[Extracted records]
▬▬▬▬▬▬▬▬▬▬
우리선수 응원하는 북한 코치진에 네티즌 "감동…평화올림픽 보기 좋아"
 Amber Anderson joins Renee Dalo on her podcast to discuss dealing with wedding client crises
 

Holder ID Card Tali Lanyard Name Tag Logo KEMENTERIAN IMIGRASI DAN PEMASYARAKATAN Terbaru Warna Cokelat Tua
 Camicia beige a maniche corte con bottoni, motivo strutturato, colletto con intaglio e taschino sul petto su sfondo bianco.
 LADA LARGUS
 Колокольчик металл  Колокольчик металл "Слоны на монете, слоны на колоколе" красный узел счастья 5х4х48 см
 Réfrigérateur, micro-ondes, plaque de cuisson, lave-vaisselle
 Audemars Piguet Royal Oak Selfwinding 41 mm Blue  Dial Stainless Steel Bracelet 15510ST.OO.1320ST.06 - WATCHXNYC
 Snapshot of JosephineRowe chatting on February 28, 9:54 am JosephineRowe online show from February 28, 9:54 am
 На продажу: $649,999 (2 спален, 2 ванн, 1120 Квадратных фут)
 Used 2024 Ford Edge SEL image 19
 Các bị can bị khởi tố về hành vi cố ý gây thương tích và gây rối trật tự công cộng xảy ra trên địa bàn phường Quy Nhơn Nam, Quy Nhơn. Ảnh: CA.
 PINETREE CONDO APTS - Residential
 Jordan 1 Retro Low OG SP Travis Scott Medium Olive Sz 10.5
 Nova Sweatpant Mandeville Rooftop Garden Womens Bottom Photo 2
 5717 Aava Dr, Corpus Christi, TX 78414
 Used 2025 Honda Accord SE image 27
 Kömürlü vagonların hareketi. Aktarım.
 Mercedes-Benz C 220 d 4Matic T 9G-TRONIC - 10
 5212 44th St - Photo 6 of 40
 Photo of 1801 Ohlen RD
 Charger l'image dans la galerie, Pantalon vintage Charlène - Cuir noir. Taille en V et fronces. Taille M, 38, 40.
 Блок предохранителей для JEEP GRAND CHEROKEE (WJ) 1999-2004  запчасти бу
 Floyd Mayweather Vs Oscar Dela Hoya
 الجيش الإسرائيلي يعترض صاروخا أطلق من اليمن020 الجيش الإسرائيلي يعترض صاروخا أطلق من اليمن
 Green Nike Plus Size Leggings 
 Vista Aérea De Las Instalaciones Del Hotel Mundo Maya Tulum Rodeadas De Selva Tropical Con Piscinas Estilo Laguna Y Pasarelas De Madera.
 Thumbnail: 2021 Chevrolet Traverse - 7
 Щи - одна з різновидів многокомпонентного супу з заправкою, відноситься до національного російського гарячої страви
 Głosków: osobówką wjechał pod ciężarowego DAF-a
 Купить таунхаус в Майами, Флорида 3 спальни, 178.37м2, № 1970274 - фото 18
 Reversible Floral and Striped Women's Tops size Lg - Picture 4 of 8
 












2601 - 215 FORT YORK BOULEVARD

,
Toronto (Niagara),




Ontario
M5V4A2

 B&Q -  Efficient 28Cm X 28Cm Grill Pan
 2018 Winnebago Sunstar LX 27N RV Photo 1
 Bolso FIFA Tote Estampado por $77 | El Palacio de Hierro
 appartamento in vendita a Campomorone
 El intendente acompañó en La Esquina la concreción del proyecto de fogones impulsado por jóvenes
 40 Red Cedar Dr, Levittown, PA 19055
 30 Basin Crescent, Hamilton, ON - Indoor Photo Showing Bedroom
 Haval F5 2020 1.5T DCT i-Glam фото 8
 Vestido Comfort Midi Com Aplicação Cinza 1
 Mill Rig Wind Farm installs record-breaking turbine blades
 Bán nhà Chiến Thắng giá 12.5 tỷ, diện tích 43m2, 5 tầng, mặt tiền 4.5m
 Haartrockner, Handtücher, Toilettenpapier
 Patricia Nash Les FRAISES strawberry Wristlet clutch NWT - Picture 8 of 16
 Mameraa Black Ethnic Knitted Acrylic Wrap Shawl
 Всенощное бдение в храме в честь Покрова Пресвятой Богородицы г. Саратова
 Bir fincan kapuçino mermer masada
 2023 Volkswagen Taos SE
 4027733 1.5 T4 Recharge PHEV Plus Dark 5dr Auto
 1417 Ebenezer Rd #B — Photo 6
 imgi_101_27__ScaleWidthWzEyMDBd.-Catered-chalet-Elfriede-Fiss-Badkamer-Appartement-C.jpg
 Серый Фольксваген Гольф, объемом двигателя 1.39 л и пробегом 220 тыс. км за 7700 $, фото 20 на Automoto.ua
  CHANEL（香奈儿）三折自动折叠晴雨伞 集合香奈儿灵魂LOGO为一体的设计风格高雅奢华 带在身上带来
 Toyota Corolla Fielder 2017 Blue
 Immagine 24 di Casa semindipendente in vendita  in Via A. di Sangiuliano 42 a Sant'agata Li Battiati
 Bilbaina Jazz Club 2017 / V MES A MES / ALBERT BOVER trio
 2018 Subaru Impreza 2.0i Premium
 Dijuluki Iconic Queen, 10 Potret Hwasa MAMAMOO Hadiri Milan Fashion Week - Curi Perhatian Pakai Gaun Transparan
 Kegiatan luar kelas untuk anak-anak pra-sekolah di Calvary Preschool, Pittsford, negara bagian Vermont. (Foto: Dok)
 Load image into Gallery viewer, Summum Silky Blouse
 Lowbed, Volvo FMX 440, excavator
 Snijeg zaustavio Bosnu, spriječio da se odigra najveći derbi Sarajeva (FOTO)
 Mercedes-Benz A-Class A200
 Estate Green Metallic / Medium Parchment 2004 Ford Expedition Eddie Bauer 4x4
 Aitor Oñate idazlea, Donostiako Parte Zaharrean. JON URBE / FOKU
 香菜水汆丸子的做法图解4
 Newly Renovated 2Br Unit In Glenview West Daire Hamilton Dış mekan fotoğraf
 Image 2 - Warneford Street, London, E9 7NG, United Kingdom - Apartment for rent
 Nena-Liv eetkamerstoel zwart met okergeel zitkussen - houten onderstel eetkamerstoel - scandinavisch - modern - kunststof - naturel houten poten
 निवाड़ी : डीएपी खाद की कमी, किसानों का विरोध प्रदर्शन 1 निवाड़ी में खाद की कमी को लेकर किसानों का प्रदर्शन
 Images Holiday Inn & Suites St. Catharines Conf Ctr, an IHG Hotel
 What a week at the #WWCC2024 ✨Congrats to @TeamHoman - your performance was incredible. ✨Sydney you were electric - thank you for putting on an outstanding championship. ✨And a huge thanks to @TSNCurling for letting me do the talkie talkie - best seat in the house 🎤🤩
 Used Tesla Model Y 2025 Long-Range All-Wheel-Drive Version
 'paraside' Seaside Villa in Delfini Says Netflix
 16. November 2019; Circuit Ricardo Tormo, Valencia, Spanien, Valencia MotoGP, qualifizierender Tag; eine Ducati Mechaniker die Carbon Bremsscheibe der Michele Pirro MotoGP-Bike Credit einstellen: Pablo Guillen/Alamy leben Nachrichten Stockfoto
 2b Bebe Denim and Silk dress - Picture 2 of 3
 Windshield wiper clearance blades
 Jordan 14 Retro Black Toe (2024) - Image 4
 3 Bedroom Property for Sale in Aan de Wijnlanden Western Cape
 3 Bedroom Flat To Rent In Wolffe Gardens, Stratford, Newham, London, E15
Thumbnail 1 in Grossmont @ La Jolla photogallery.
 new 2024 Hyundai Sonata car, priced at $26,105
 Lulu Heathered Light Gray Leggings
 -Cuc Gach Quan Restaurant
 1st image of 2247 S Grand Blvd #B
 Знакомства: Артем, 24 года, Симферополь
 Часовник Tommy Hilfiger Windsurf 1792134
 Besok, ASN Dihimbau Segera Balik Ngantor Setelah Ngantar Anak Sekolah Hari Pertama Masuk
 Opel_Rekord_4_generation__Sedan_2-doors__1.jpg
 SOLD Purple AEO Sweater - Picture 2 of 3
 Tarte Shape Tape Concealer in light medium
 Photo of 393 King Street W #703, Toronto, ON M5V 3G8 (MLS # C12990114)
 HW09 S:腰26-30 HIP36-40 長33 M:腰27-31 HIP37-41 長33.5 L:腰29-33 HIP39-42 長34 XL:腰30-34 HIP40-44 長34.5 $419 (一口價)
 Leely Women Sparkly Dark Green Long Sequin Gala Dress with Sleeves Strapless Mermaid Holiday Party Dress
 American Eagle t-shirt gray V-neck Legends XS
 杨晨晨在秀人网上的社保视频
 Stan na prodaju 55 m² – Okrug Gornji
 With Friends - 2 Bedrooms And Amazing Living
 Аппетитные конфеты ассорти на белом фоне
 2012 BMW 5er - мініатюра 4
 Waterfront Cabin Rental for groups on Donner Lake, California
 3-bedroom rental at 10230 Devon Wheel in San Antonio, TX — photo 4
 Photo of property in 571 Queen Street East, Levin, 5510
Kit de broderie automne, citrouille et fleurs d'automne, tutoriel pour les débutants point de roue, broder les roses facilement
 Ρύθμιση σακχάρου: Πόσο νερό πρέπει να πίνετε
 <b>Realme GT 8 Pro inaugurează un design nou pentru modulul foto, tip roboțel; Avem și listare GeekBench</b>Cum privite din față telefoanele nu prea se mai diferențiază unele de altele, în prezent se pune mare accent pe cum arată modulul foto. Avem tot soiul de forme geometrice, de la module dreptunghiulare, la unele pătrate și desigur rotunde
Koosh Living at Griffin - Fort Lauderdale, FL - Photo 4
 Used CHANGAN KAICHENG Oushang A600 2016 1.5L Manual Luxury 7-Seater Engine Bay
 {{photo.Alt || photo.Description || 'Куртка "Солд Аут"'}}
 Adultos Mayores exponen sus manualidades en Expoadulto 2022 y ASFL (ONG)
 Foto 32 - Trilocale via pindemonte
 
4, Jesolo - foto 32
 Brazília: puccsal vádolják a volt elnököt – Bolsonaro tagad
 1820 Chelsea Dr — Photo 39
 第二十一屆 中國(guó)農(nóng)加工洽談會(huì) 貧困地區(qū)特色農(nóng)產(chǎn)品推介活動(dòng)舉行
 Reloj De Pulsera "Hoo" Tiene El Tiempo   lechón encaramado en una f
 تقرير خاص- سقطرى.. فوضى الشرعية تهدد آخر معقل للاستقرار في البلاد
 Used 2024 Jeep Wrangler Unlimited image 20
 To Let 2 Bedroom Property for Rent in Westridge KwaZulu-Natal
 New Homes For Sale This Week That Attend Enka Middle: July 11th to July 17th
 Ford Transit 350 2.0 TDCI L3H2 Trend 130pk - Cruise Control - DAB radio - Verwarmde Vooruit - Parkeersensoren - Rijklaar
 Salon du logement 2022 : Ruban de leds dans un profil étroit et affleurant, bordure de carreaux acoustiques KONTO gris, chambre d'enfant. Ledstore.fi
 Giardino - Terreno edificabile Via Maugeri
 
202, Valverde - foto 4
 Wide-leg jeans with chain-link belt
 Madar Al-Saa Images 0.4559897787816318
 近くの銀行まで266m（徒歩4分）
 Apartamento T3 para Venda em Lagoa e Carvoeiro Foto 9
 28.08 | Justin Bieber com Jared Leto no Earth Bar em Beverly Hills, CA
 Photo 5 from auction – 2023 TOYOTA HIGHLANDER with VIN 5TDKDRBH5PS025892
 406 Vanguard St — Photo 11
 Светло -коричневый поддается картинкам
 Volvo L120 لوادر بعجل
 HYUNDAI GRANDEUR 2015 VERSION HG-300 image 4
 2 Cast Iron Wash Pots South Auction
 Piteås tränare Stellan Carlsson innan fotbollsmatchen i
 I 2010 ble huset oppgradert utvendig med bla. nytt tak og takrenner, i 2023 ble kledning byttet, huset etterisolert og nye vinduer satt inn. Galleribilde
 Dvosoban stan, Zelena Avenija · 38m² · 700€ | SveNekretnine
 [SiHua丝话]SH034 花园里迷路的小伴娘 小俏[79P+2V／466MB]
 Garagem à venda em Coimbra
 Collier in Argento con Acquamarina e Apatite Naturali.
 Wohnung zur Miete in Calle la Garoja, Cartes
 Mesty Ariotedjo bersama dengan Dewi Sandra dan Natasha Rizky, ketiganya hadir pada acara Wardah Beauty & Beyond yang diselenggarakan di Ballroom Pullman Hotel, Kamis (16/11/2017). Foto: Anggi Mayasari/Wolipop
▬▬▬▬▬▬▬▬▬▬
* **AIM OF THE EXERCISE**: Starting at the line that contains "Jordan 1 Retro" and stopping after the line that contains "Photo of 1801 Ohlen RD", write out every line exactly as it appears above, and no other line.

* **RESULT BELOW**:
 Jordan 1 Retro Low OG SP Travis Scott Medium Olive Sz 10.5
 Nova Sweatpant Mandeville Rooftop Garden Womens Bottom Photo 2
 5717 Aava Dr, Corpus Christi, TX 78414
 Used 2025 Honda Accord SE image 27
 Kömürlü vagonların hareketi. Aktarım.
 Mercedes-Benz C 220 d 4Matic T 9G-TRONIC - 10
 5212 44th St - Photo 6 of 40
 Photo of 1801 Ohlen RD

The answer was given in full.